__Work to be completed__
Write out word for word the lines from the one holding "Unblock me Relax" through the end of the data, and only those lines. Pictures stay out.

Given records Start Marker

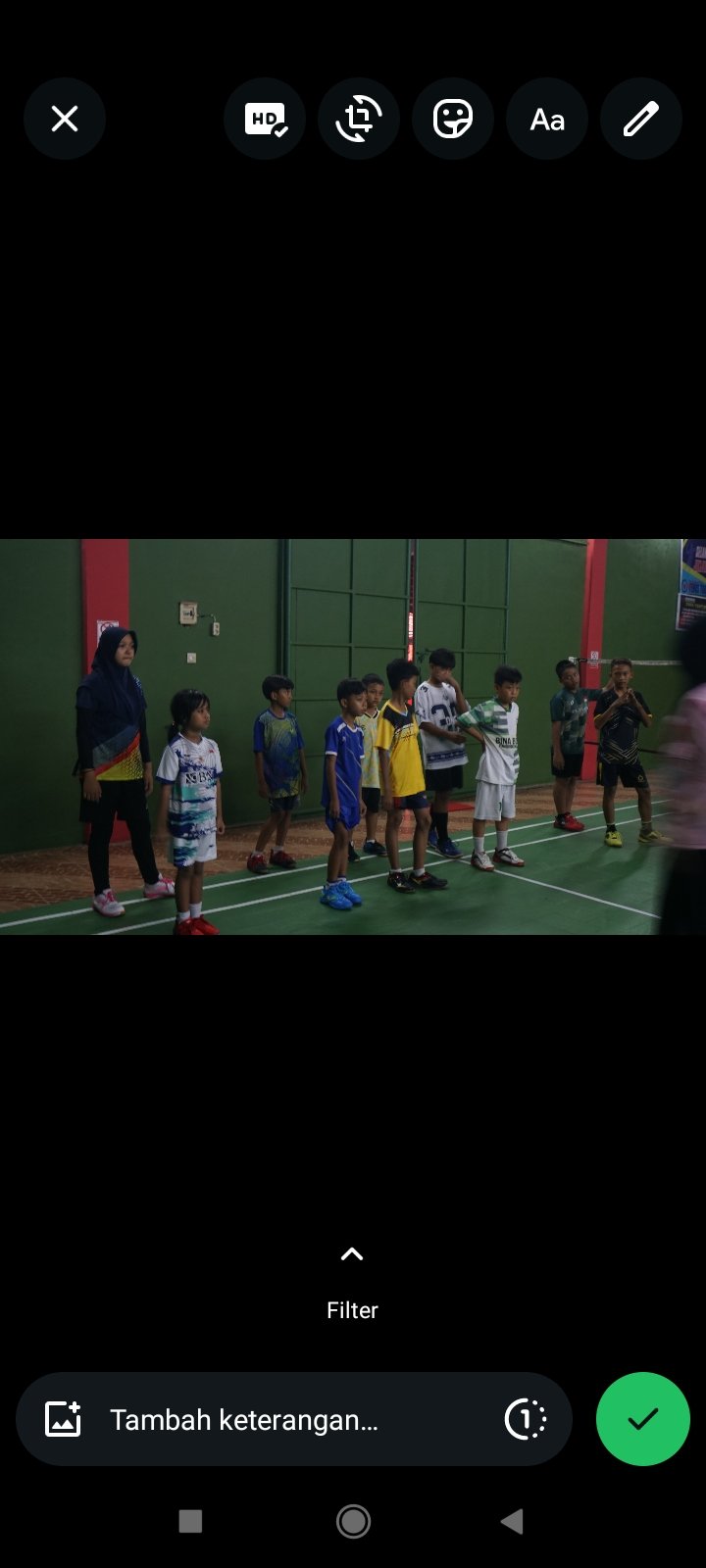 Pelatihan grup badminton mahardika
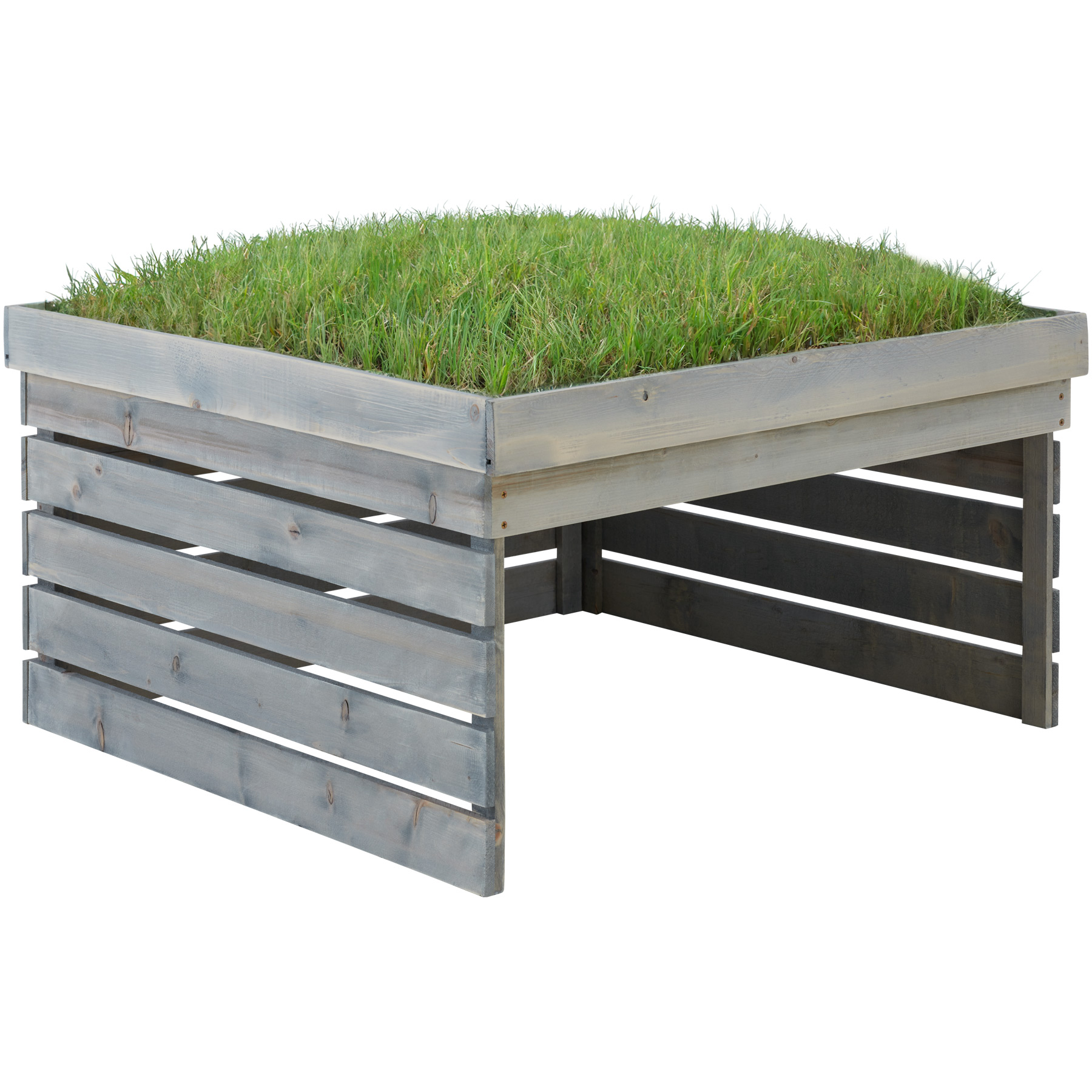 Garage en bois pour robot tondeuse 84 x 78 x 46 cm TECTAKE - 2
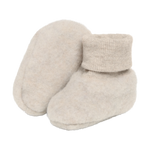 HUTTEliHUT Footies Wool Fleece - Camel Melange - hatshoe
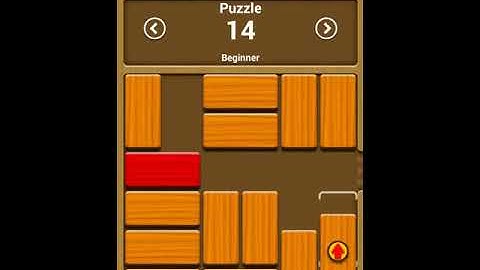 Unblock me Relax mode Puzzle 14 - Walkthrough
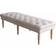 HomePop Classic Layla Cream Settee Bench 64.2x18.5"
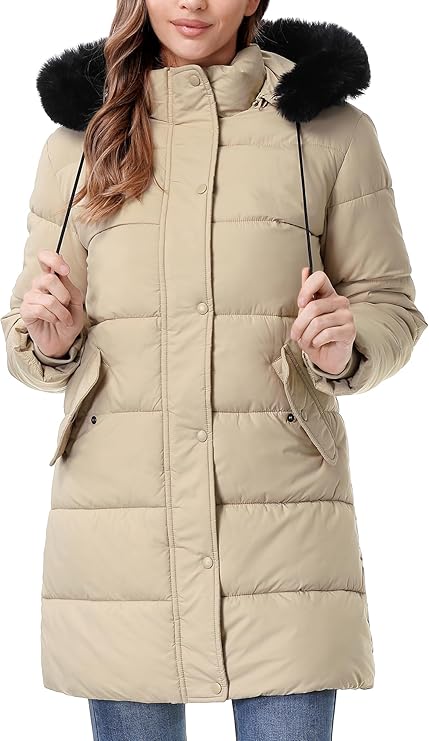Women's Winter Coat Long Waterproof Parka - Warm Snow Jacket -  BigGreenBear.com clothing 59.00 USD Big Green Bear
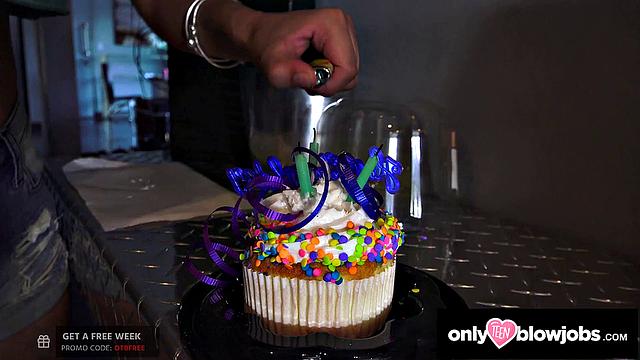 Blowpass - My Birthday Surprise Was My HOT Latina GF Sucking My Dick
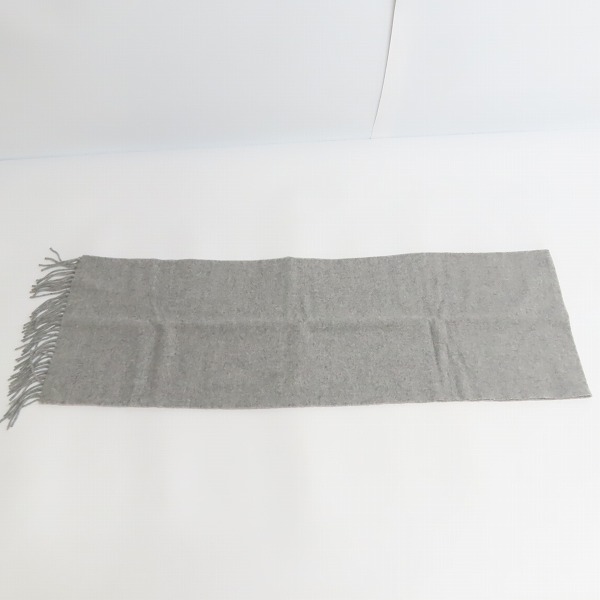 実際に弊社で買取させて頂いたHUGO BOSS/ヒューゴボス ウール カシミヤ マフラーの画像 2枚目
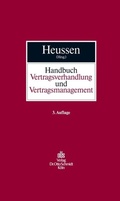 Cover: Handbuch Vertragsverhandlung Und Vertragsmanagement - Otto Schmidt Verlag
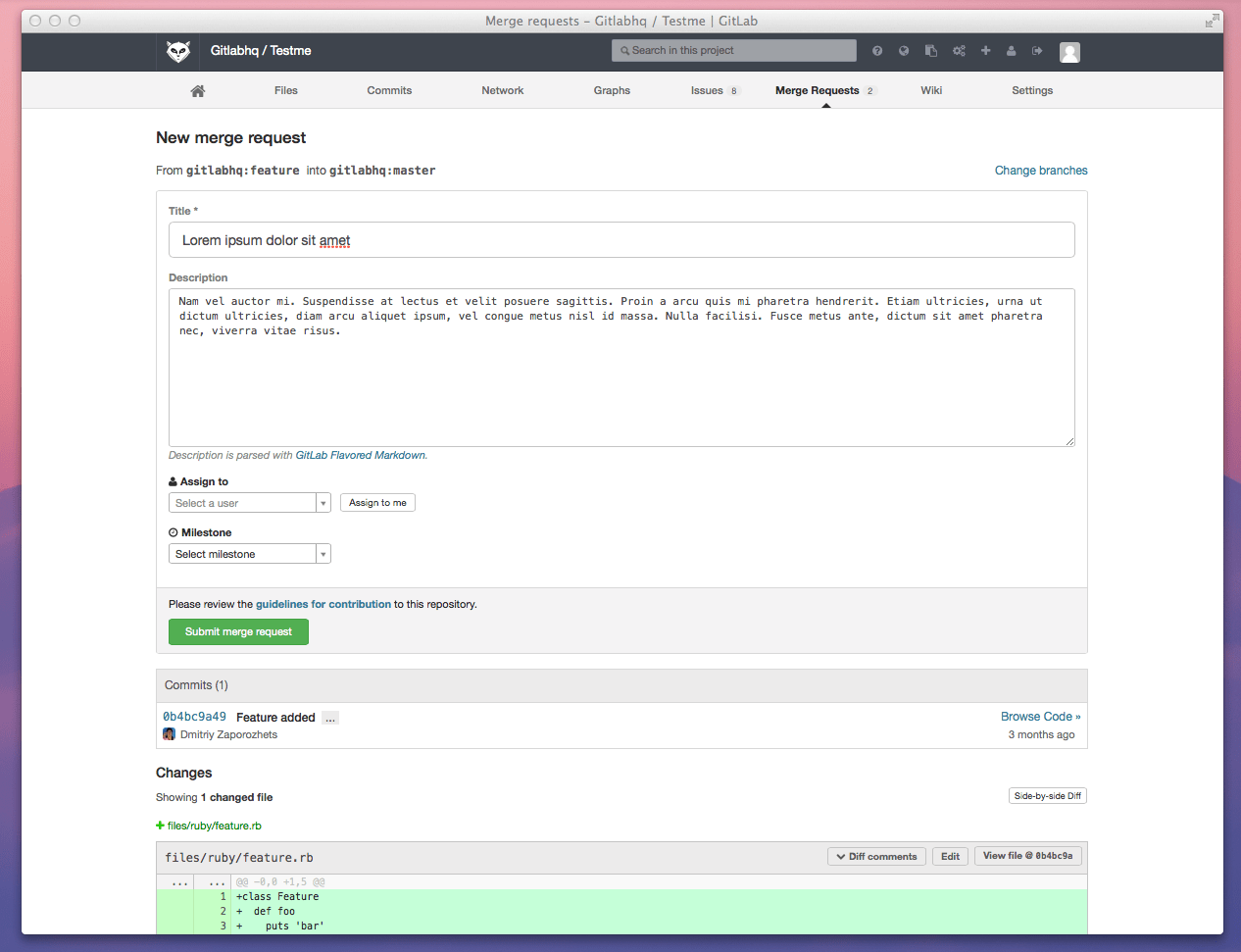 GitLab 6.9 EE and CE released GitLab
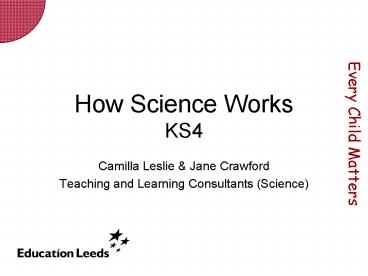 How Science Works KS4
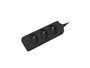 Lanberg Regleta de extensión 3x PL 3m negra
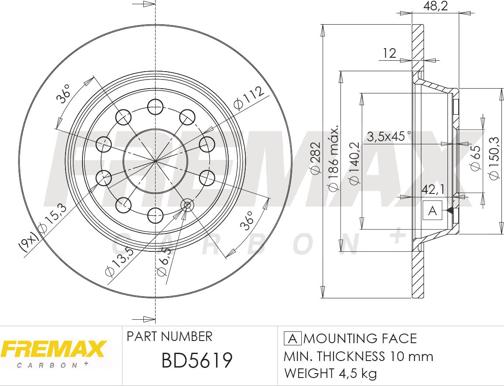 FREMAX BD-5619 - Disque de frein cwaw.fr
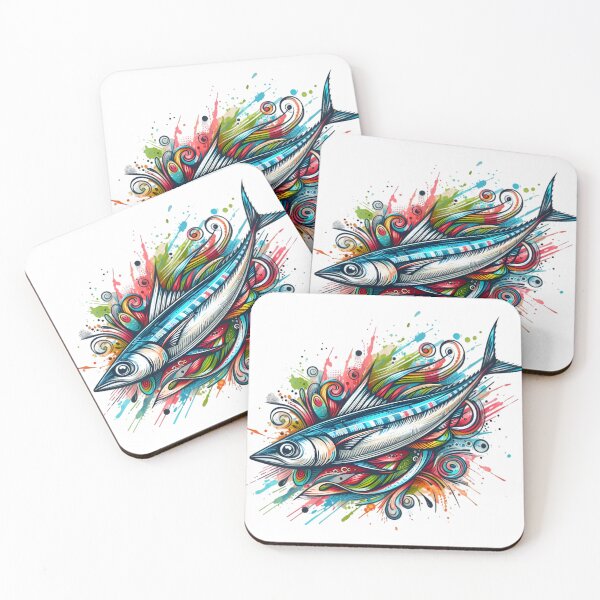 Item preview, A beautiful anchovy with colorful background with several leaves. designed and sold by Marcoshop10.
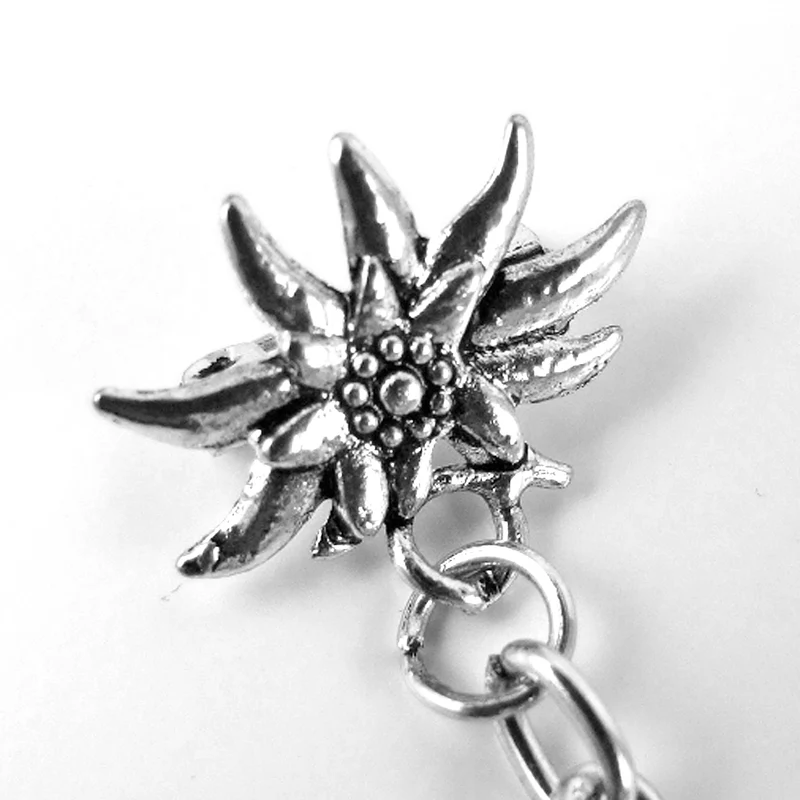 Ansteck Charivari Kette mit Edelweiß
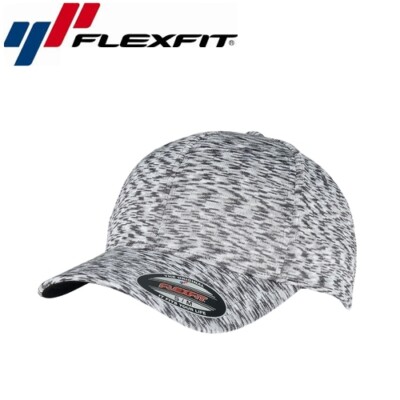 Flexfit Stripes Melange Baseball Cap S/M Light Melange Grau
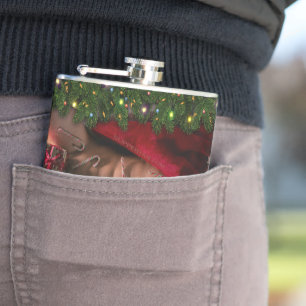 SlipperyJoe male chest six pack stomach bare torso Hip Flask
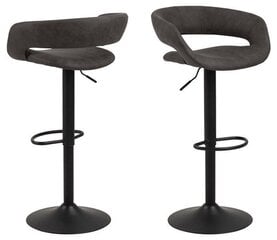 Комплект из 2-х барных стульев Grace, серый гобелен цена и информация | Стулья для кухни и столовой | kaup24.ee
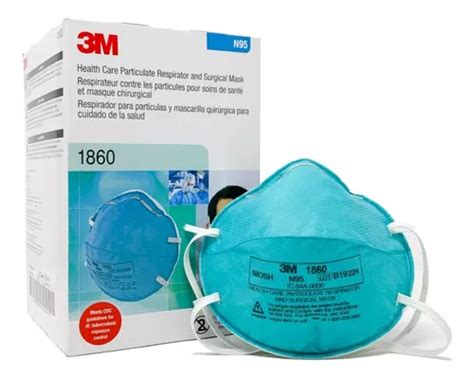 Mascarilla Quirúrgica Respirador Partículas 3m 1860 N95 20us 24 990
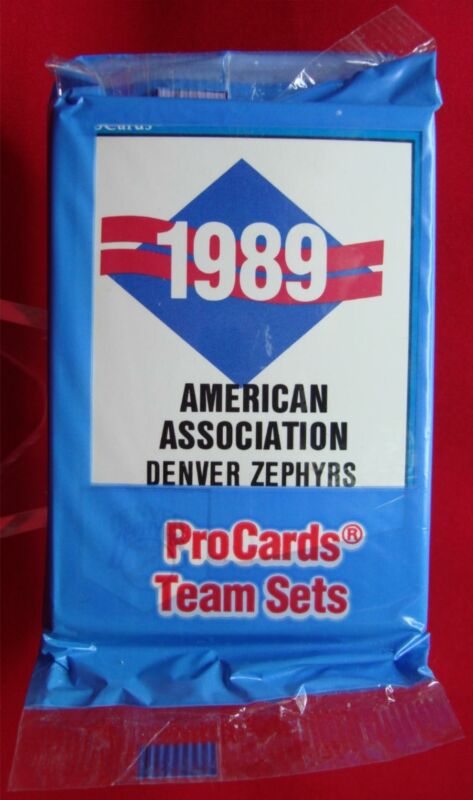 1989 Denver Zephyrs ProCards Minor League Team Set featuring Greg Vaughn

Given records End Marker

__Answer__
 Unblock me Relax mode Puzzle 14 - Walkthrough
 HomePop Classic Layla Cream Settee Bench 64.2x18.5"
Women's Winter Coat Long Waterproof Parka - Warm Snow Jacket -  BigGreenBear.com clothing 59.00 USD Big Green Bear
 Blowpass - My Birthday Surprise Was My HOT Latina GF Sucking My Dick
 実際に弊社で買取させて頂いたHUGO BOSS/ヒューゴボス ウール カシミヤ マフラーの画像 2枚目
 Cover: Handbuch Vertragsverhandlung Und Vertragsmanagement - Otto Schmidt Verlag
 GitLab 6.9 EE and CE released GitLab
 How Science Works KS4
 Lanberg Regleta de extensión 3x PL 3m negra
 FREMAX BD-5619 - Disque de frein cwaw.fr
 Item preview, A beautiful anchovy with colorful background with several leaves. designed and sold by Marcoshop10.
 Ansteck Charivari Kette mit Edelweiß
 Flexfit Stripes Melange Baseball Cap S/M Light Melange Grau
 SlipperyJoe male chest six pack stomach bare torso Hip Flask
 Комплект из 2-х барных стульев Grace, серый гобелен цена и информация | Стулья для кухни и столовой | kaup24.ee
 Mascarilla Quirúrgica Respirador Partículas 3m 1860 N95 20us 24 990
 1989 Denver Zephyrs ProCards Minor League Team Set featuring Greg Vaughn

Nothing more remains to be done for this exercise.